* **Exercise**
Give again, exactly as written, each line of the material below starting at the line that contains "Meuble-lavabo mural 68" and ending at the line that contains "I love Electronics". Both ends count, and no other line does.

* **Provided material**
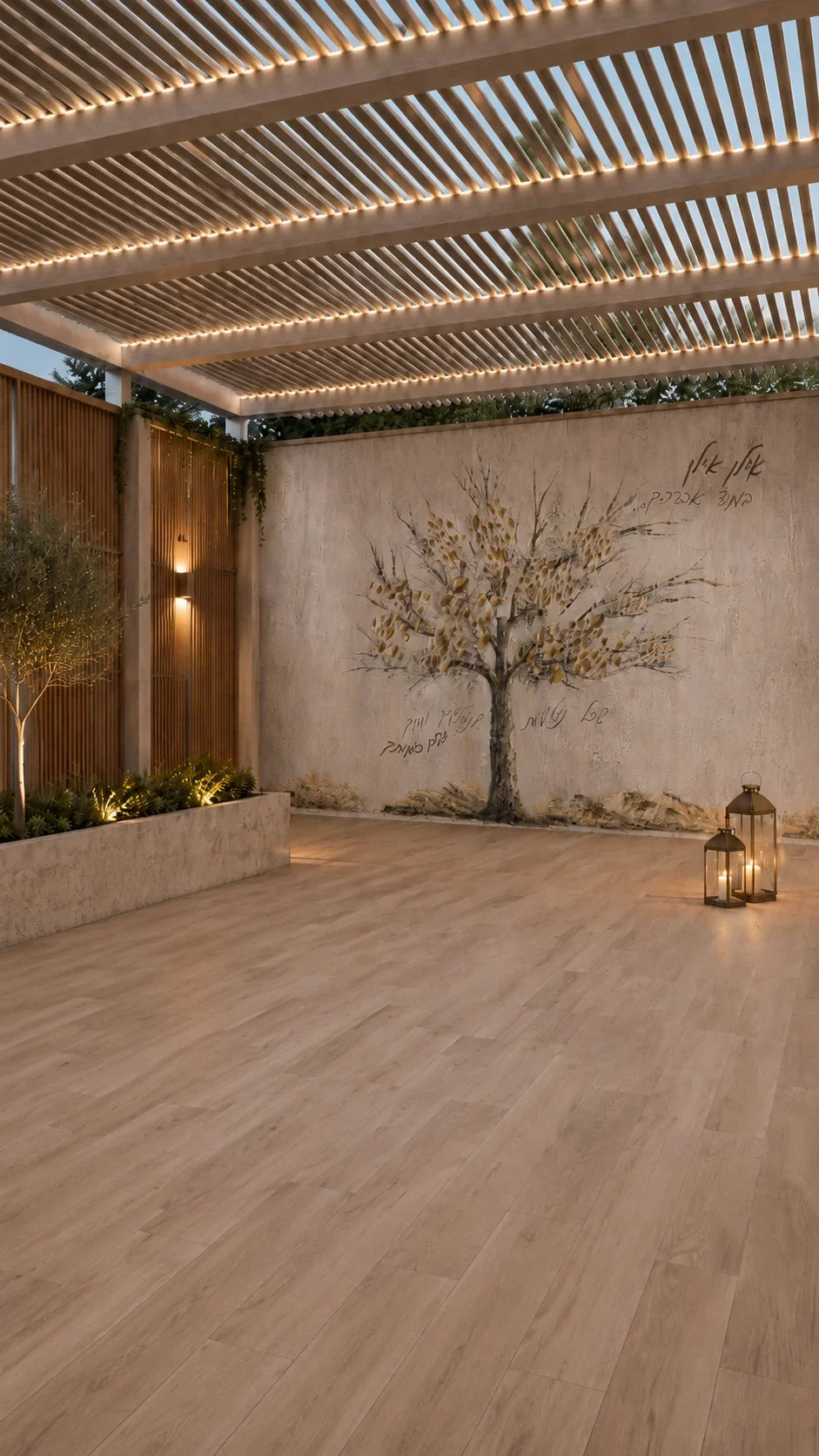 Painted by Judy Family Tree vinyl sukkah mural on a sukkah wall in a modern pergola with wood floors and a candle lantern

==

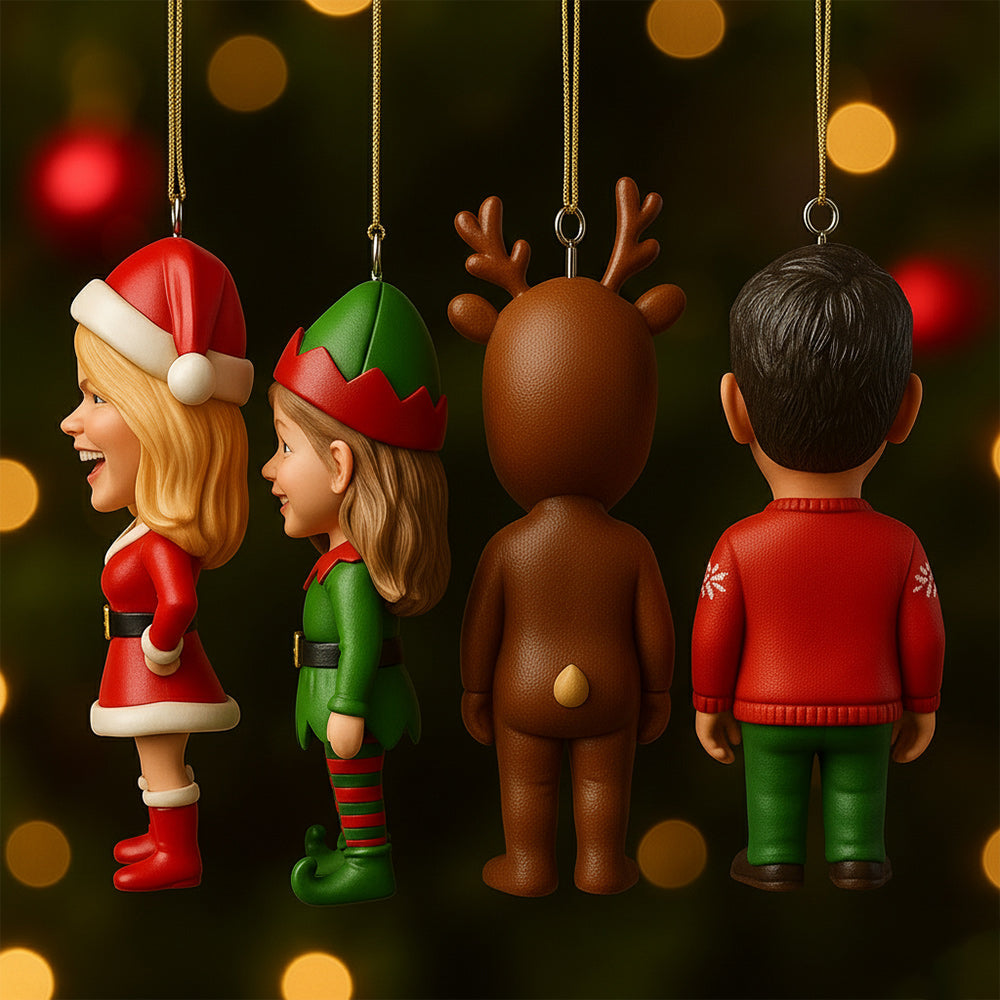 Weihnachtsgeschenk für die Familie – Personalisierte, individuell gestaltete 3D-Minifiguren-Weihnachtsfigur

...

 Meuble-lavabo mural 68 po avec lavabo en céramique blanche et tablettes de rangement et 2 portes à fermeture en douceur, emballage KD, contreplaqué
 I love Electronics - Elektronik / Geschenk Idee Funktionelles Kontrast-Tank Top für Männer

* **Output for this exercise**
 Meuble-lavabo mural 68 po avec lavabo en céramique blanche et tablettes de rangement et 2 portes à fermeture en douceur, emballage KD, contreplaqué
 I love Electronics - Elektronik / Geschenk Idee Funktionelles Kontrast-Tank Top für Männer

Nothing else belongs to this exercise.